*** Exercise material ***

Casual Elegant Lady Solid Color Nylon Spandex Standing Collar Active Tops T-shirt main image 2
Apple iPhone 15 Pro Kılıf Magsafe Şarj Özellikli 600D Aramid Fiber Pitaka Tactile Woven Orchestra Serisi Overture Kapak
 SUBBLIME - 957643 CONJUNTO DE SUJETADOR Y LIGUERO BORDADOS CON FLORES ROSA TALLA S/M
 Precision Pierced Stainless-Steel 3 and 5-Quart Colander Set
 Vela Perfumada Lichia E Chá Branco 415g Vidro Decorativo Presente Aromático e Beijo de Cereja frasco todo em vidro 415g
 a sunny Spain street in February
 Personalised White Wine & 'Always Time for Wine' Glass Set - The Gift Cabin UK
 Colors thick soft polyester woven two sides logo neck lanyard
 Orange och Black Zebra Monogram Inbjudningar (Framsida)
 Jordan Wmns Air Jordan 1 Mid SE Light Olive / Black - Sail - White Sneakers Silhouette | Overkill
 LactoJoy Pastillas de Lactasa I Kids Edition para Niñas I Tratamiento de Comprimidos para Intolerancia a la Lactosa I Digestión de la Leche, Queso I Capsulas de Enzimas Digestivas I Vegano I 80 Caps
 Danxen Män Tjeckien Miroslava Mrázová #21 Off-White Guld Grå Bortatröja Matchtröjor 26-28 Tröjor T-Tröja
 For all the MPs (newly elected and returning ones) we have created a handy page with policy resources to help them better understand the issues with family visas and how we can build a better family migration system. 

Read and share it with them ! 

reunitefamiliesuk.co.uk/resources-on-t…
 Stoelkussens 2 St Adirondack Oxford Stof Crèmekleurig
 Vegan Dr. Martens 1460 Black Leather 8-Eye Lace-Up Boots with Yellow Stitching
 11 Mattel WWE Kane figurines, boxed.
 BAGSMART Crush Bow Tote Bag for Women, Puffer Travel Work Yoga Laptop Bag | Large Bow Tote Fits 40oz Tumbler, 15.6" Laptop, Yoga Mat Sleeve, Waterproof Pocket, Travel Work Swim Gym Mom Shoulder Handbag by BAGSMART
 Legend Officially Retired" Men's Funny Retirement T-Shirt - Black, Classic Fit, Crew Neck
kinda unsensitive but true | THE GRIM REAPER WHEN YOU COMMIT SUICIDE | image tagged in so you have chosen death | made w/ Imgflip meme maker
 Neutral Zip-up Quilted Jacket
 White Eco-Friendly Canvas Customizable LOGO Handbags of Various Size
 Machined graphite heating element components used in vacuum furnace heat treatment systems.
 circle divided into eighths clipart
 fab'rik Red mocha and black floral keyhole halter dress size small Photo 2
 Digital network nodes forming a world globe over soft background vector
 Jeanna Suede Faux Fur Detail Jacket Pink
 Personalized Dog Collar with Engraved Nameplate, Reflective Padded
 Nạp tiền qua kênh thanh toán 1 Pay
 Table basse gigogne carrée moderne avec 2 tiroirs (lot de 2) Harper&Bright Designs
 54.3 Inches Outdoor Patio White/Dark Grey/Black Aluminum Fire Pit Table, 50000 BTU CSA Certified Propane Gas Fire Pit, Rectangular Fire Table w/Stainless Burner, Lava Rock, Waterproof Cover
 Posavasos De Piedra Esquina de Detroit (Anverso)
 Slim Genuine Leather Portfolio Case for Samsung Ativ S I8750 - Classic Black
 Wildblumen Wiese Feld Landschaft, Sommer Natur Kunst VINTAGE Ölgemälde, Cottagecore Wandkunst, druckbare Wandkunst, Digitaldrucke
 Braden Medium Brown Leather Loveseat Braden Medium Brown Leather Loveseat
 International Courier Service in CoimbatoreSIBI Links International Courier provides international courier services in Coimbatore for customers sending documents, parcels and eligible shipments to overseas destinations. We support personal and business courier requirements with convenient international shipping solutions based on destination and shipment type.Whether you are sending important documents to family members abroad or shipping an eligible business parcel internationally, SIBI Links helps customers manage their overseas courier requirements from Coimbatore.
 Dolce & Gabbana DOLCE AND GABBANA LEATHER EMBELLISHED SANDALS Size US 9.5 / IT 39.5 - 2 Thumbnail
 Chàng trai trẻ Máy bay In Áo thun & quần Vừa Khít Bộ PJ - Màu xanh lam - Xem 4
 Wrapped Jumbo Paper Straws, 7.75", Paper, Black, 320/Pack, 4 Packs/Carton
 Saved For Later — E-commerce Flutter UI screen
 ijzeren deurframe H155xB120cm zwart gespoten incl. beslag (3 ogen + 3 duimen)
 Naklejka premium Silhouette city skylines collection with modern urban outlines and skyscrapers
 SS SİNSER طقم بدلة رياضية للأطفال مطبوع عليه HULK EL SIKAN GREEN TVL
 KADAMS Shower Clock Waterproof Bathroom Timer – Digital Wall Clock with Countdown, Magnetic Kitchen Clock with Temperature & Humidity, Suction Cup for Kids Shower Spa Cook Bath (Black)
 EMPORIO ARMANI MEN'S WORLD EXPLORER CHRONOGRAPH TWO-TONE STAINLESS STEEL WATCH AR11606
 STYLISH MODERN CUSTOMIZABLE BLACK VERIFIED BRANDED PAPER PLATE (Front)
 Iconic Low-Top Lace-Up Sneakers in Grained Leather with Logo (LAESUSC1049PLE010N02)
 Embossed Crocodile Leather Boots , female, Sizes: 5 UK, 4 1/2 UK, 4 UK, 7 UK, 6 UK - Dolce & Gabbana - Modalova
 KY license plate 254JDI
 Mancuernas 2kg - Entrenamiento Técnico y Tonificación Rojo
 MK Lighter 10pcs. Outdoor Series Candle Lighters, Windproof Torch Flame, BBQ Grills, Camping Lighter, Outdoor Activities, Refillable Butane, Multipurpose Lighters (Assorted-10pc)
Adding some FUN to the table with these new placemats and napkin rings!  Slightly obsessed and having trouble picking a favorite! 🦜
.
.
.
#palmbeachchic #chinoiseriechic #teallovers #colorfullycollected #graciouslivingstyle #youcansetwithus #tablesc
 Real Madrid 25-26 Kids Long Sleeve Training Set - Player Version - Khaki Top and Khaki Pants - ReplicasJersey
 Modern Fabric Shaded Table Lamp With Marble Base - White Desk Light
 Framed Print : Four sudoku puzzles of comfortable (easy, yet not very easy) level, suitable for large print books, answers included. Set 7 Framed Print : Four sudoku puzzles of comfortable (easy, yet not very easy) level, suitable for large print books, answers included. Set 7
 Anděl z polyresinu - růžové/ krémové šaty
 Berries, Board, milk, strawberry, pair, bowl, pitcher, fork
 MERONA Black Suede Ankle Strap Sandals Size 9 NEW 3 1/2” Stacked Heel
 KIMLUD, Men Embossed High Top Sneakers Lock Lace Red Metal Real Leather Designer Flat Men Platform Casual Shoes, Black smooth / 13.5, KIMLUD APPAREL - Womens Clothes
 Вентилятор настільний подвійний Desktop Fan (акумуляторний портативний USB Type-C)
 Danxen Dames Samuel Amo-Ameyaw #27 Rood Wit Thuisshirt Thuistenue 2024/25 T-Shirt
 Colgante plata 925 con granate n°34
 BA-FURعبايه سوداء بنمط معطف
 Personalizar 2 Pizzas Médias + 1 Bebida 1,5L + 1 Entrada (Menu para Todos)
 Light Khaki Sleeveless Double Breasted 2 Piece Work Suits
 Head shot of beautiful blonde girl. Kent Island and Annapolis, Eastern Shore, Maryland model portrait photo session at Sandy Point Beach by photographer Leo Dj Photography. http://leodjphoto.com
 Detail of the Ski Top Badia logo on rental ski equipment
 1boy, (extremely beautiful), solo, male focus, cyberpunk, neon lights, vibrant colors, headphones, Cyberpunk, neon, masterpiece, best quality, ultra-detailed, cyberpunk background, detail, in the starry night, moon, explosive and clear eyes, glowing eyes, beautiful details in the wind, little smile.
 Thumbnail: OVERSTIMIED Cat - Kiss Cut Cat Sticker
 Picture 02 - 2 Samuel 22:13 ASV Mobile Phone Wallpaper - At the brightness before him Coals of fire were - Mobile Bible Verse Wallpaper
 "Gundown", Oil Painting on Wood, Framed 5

*** End of Exercise material ***

* Exercise: Look through the listing and return each line containing the word "them".

* Written answer:
 For all the MPs (newly elected and returning ones) we have created a handy page with policy resources to help them better understand the issues with family visas and how we can build a better family migration system. 
Read and share it with them ! 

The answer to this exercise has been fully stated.